Catastrophe risks can expect to see double-digit insurance premium increases through the rest of this year as underwriting capacity dwindles and the hurricane season approaches, an executive from Marsh said.
After years of the competitive soft pricing market cycle, insurers will be seeking increases on heavy catastrophe-exposed risks that could go higher than 15 percent, said Duncan Ellis, leader of Marsh’s U.S. property practice.
Mr. Ellis said key factors for rates are the insured’s loss history, exposure, modeling and discounts previously received during the soft market.
“Those that received the biggest soft market discount will see the largest increase,” he said, adding that the increases could range from 10-to-15 percent or higher.
His comments came during the insurance broker’s monthly “New Reality of Risk” online seminar, during a session titled “Natural Disaster Risk Management–Current Issues For Hurricane, Flood And Earthquake Perils.”
Mr. Ellis said the overall property- catastrophe market is going through “dramatic transition” as prices rise and capacity in reduced. Other factors affecting property cat pricing are increased reinsurance costs, lack of capital market support, rating agency scrutiny and changes in catastrophe modeling that are affecting capacity availability, he explained.
Earlier this year, capacity was available, but “for some there was a struggle to achieve capacity at what would be considered an economic price”–a price acceptable to both buyer and insurer.
Generally, catastrophe renewals in the first quarter of 2009 came in at flat to up 10 percent. The second quarter is expected to be higher because of diminished capacity and the onset of the hurricane season, Mr. Ellis said.
To combat these issues, Marsh, a subsidiary of New York-based Marsh & McLennan Companies, is marketing accounts to a wide array of players as it seeks layers to cover the risk, he said. One strategy to control pricing is to work with the lower layer insurers, which he indicated could reduce the overall cost of the insurance placements.

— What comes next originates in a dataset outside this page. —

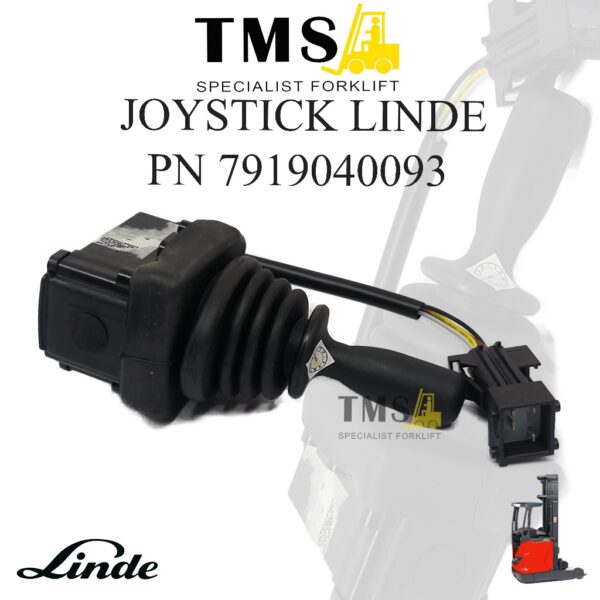 LINDE Joystick 7919040093 Reach Truck 1-2 Ton Forklift Electric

For non-catastrophe property risks the market will remain extremely competitive, he noted, because insurers want these risks to balance out their portfolios.
Catastrophe modeling remains the key driver for the p-c marketplace, with rating agencies relying on them heavily for their analysis, Mr. Ellis said.
Insurers, he explained, are trying to “get pricing back in line with modeling,” and some insurers are pursuing price increases regardless of changes made to the models because of the soft market pressures on their earnings. He added that the models, which will incorporate lessons learned from last year’s Hurricane Ike, may not differ that dramatically from the current ones.
Separately, a weather forecasting operation and a catastrophe modeling firm delivered forecasts of storm activity last week.
WSI, which issues the GC ForeCat product with MMC’s reinsurance broking unit, Guy Carpenter, said it now predicts that 11 named storms, six hurricanes and two intense hurricanes will develop this year, providing a downward revision of an earlier forecast.
The company said the latest numbers are lower than those in its December forecast, which predicted 13 named storms, seven hurricanes and three intense hurricanes.
Its reduction in the storm prediction is due to cooler sea surface temperatures in the tropical Atlantic Ocean and a fading La Nina event in the eastern Pacific, WSI said.
WSI said its new forecast numbers are relatively close to the long-term average (1950-2008) of 9.8 named storms, six hurricanes and 2.5 intense hurricanes.
Meanwhile, Newark, Calif.-based catastrophe modeler Risk Management Solutions said last year’s severe weather season can be expected to occur every four-to-five years.
Despite what RMS described as an unusual period without a severe season, 2008 was marked as the costliest and deadliest in a decade.